The final scene shows the cordless landline phone on the table in Kseniya's house at Moscow ringing, with Yegor calling three times but no one answers and leaving a message, and surprisingly, Lyokha finally calls and the film ends.

== Production ==
The central plot is based on two true stories: a man dragged his ex-girlfriend from South Ossetia in August 2008; and the second on the producer's friend's son who suffered dissociation. The film was shot from March to August 2011. Most of the scenes of South Ossetia were shot in Abkhazia and North Ossetia–Alania. Most extras were Abkhazians, but the characters, who speak in Ossetian, were played or were dubbed by North Ossetian actors. The official trailer was created in Trailerhouse by Sundown Entertainment.

== Film distribution ==
The premiere of the film took place in Moscow on 17 February 2012 at the cinema Pushkinski. The film was released across Russia on 21 February 2012. The premiere was planned for Defender of the Fatherland Day and so the film had much competition. In the first week of distribution the film was in the lead at the box office and collected more than 140,000,000 rubles (about 5,000,000 dollars) for the first weekend.
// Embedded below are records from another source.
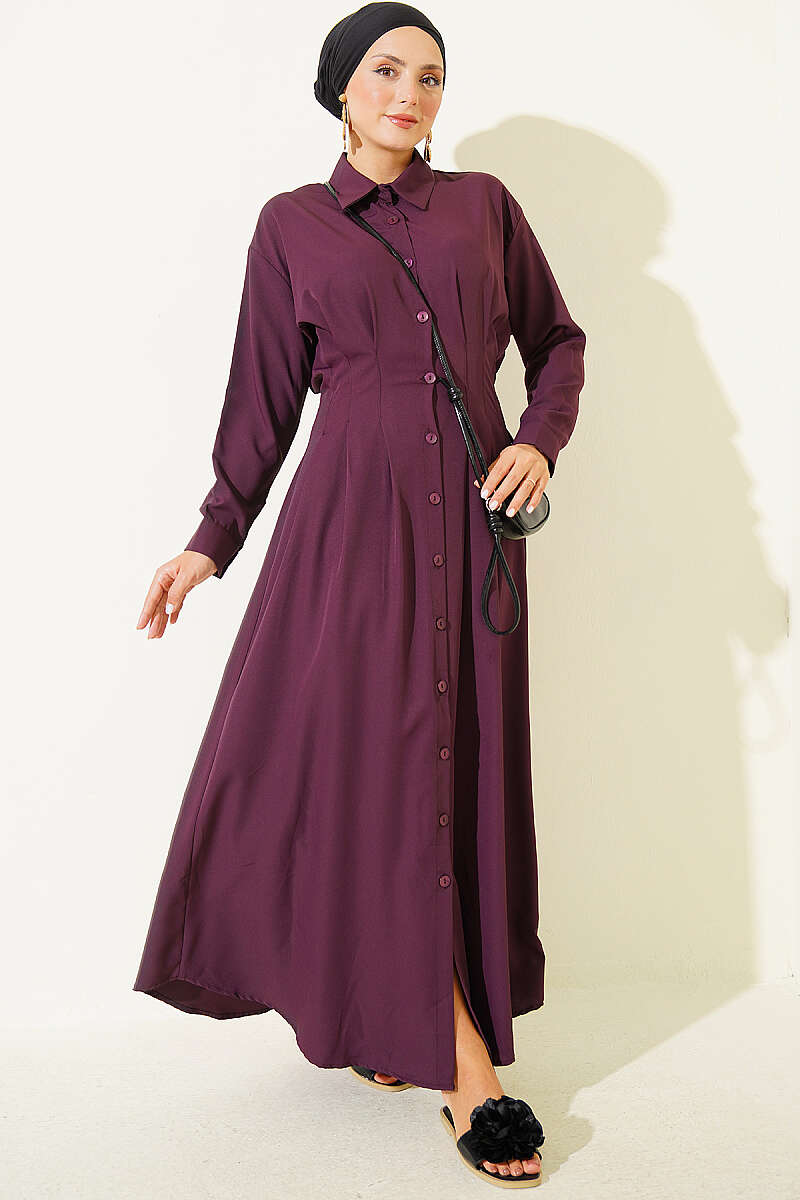 Dress with Front Darts - Plum
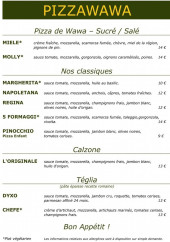 Menu Pizzawawa - Les classiques, calzone et tégila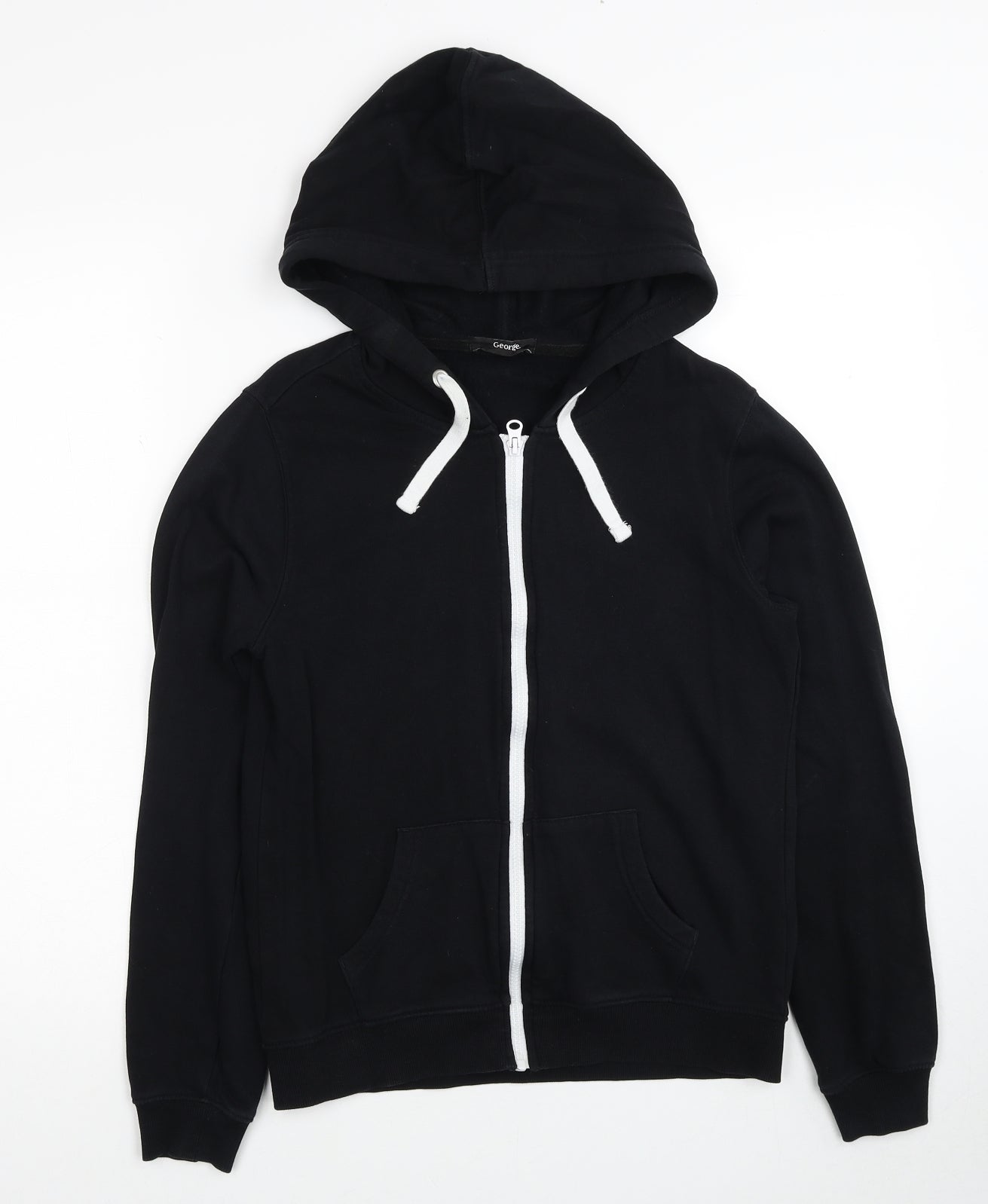 George Womens Black Cotton Full Zip Hoodie Size 10 Zip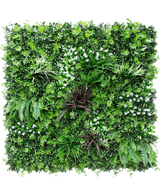 La Haie Artificielle Sillage 100x100 cm UV est un panneau mural carré à la verdure artificielle dense, avec diverses fougères et plantes à feuillage pour un effet jardin vertical luxuriant et vivant.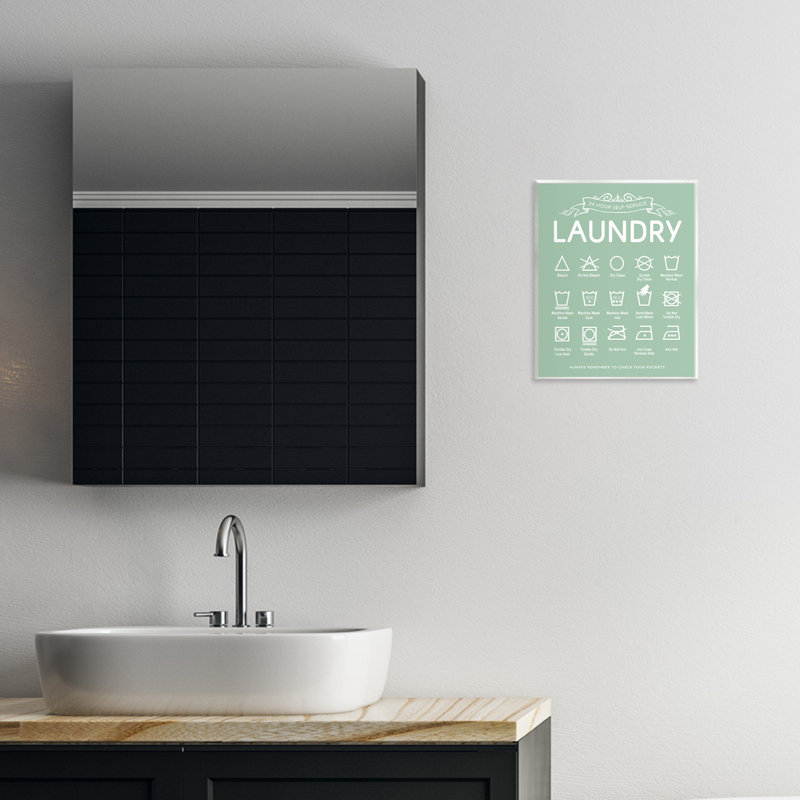 «Green Vintage Laundry Guide», plaque murale avec lettres et lignes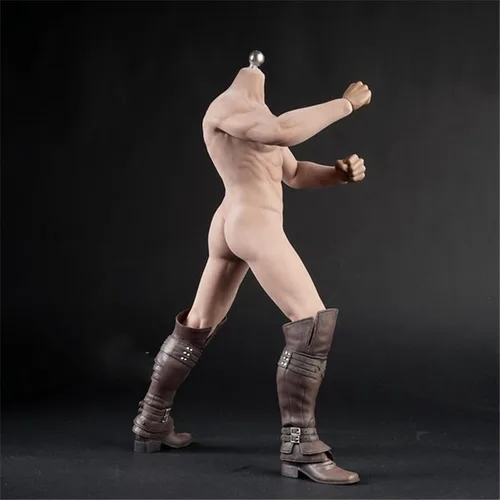 Miniatura 4 de Modelo de zapatos masculinos a escala 1/6, botas largas marrones para hombre, botas altas sólidas, accesorio para cuerpo de figura de acción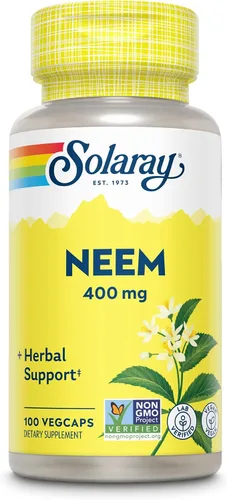 Vista 3 de SOLARAY Neem Leaf 400mg Apoyo saludable para la sangre, la piel y el sistema inmunológico Sin OMG, vegano y verificado en laboratorio 100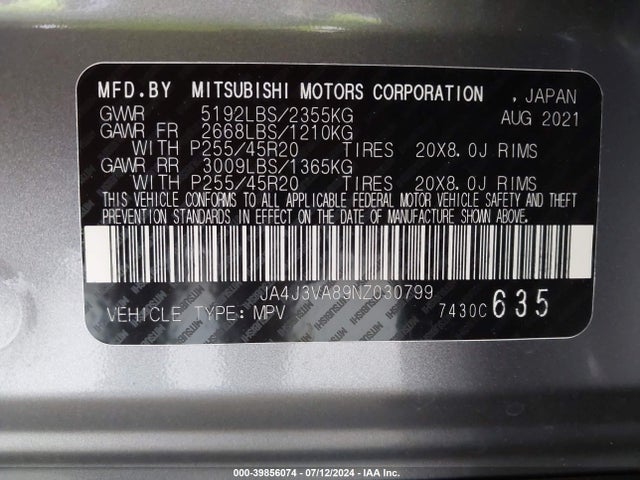 2022 MITSUBISHI OUTLANDER JA4J3VA89NZ030799 Photo 8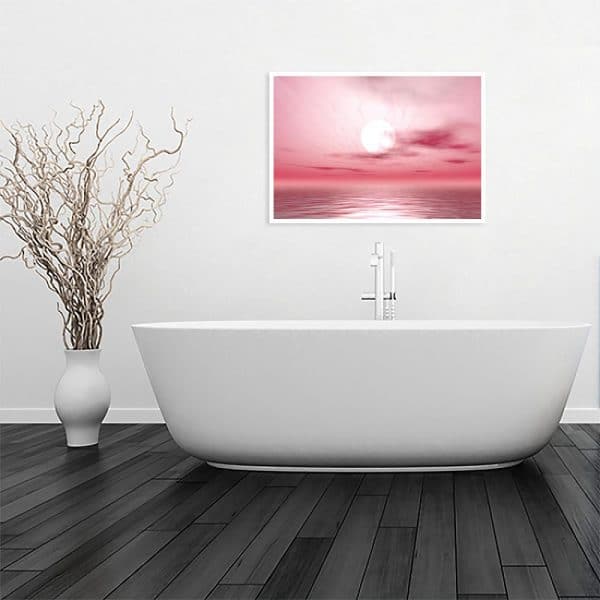 zachód na plakacie do łazienki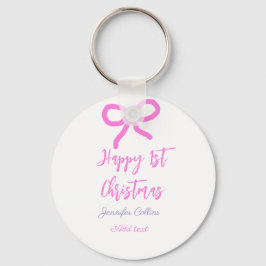 パステルピンクパープルハッピー1stクリスマスボウ名da キーホルダー
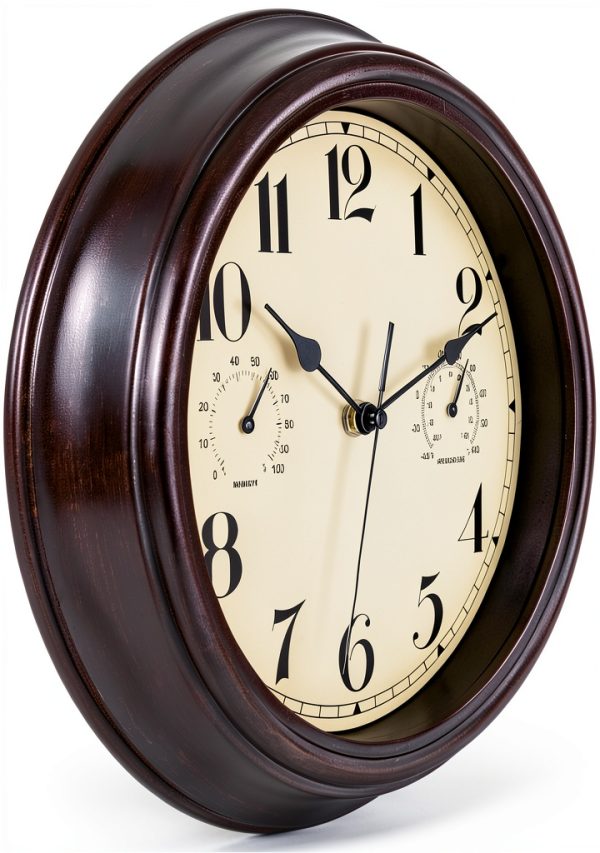 Foxtop Indoor Outdoor Waterproof Wall Clock with Thermometer and Hygrometer Combo, 12 inch Retro Silent Non-Ticking Battery Operated Quality Quartz Round Clock for Patio Home Decor (Bronze)-1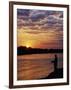 Zambezi National Park, Sausage Tree Camp, Fly-Fishing for Tiger Fish at Sunset on River, Zambia-John Warburton-lee-Framed Photographic Print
In total, August Eighth netted about 10,000,000 dollars in Russian theaters, much less than the gross of Faiziyev's previous film, Turkish Gambit. The début of the film with English subtitles took place in Australia on 1 September 2012 under the title August 8th at the Russian Resurrection Film Festival 2012.

== Home media ==
In Russia, the film was released on DVD on 22 March 2012 and on Blu-ray on 14 June 2012. Neither edition contains any subtitles. A French dub of the movie called War Zone was released on DVD and Blu-ray in France on 7 August 2013.